I suspect that Marc just picked an exotic element right at the start to use as a mcguffin (unless people were aware of its hydrogen absorbing properties back in the 70s). Lanthanum is most likely just Traveller's "dilithium", ditto for 2300AD's Tantalum.
Yeah, this was one of the issues I had with it, too, and I think you are spot on with your last paragraph.

If memory serves, Lanthanum in CT was used for something referred to as "Jump Coils" but in the SOM that is what is used to create the "jump grid" on the hull. So its use changed over time within Traveller

Not being a fan of the glowing grid concept, I pretty much ignored that.
 
Originally posted by Malenfant:
Actually, for once Anthony's mistaken (that said, so am I
)

A bit more rummaging around on the web reveals that Lanthanum is actually a lithophile element - that means it doesn't sink to the core, it instead gets left behind in the crust during planetary differentiation. So actually, you won't find it concentrated in metallic asteroids at all - exactly the opposite in fact. That makes it entirely uneconomical and largely pointless to try and get it out of asteroids too.

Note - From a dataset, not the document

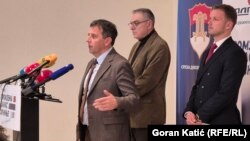 Lideri opozicije u Republici Srpskoj Nebojša Vukanović (prvi slijeva, Lista za pravdu i red), Milan Miličević (SDS) i Draško Stanivuković (PDP).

So asteroids aren't a convenient way to get Lanthanum at all - looks like the best best is in sedimentary deposits on earth-like worlds.
hmmm, well apparently GDW thought like you originally, as the Traveller Adventure has NPCs looking for Lanthanum in asteroids via mining.

STERNMETAL'S PLOT
Because of the recent increase in tension on the Zhodani
border, the Imperial Navy has asked for and been granted
a freeze in the price of lanthanum produced in the Imperium,
in an attempt to reduce the cost of stockpiling this vital
resource. Sternmetal Horizons has therefore experienced
reduced profits from their lanthanum mining operation in the
Patinir Belt.

from the Traveller Adventure page 23. No biggie, just need a little revision.

I think it talks about them finding it also on a world called "Feneteman" or something, which I've never heard of.